Right, a few months after ordering pirates in a barrel, seasoned with lead.

That is a silly point to make R_R. He has said countless times that violence isn't a solution for most situations, but sometimes you don't have a choice but to engage in confrontation.
He didn't give that qualifier in this speech. And any attempt to explain that to any Muslim who doubted his sincerity would render it useless as a message, since they would regard their scenario as such a choiceless one. Since they aren't stupid, it's already a useless speech.

He claims his policies consist of seeking nuclear disarmament in the speech.

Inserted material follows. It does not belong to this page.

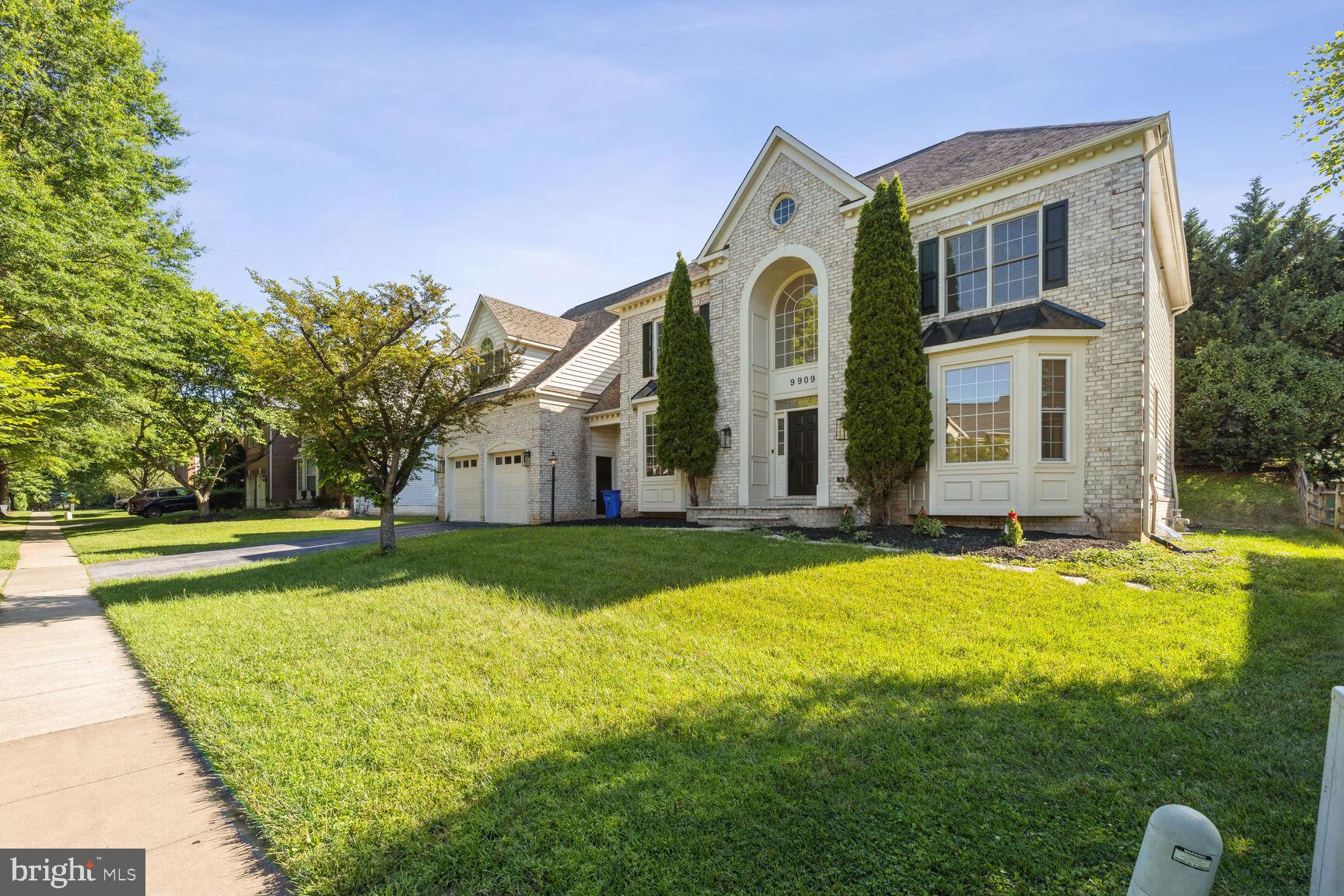 9909 BALD CYPRESS DRIVE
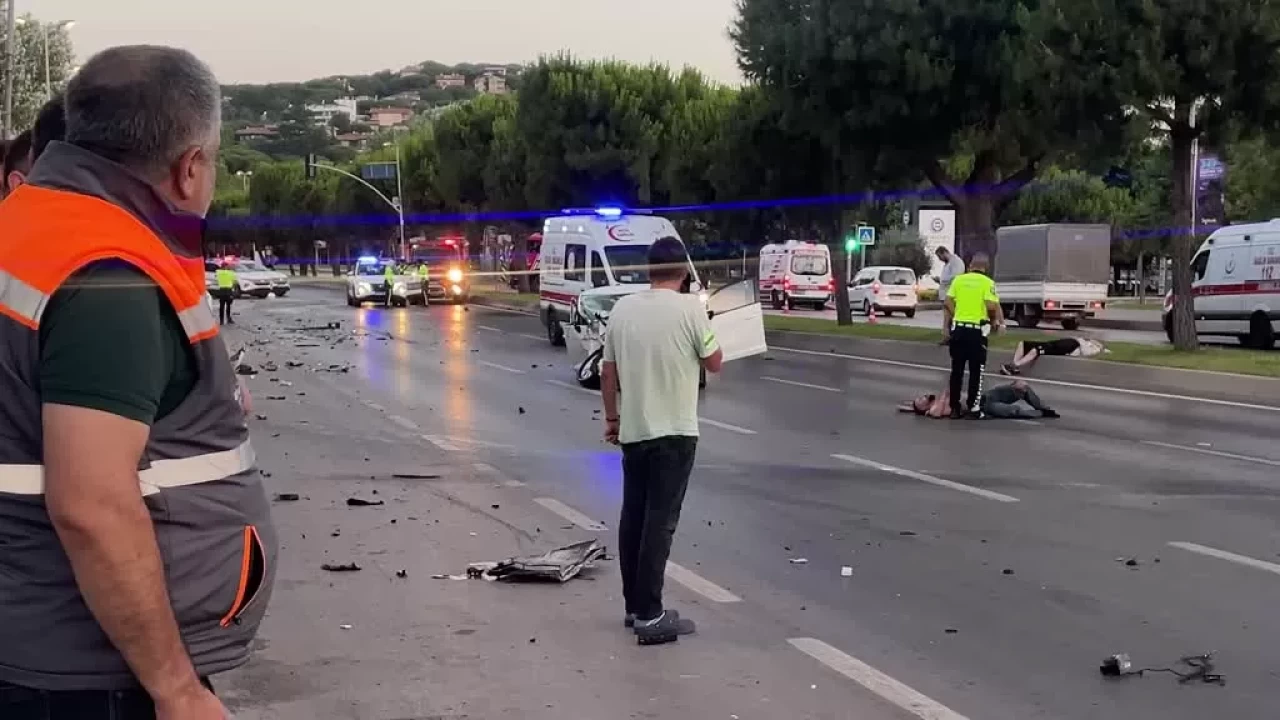 İstanbul’da iki otomobilin çarpıştığı kazada 3 kişi yaralandı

In fact, they consist of "You first" nuclear disarmament, which means no nuclear disarmament-- and that is THE ONLY leg he gave himself to stand on for denying Iran nukes. He has in effect conceded that Iran should have nukes.

Obviously he is going to say "you first" - do you not understand how diplomacy, or any argument, works? It is all about whittling down your opponent, not yourself.
Do you not understand that the opponent is not stupid, and this means his proposed solution results in a stalemate, i.e., nukes for all, because no other move for Iran makes sense in such a context?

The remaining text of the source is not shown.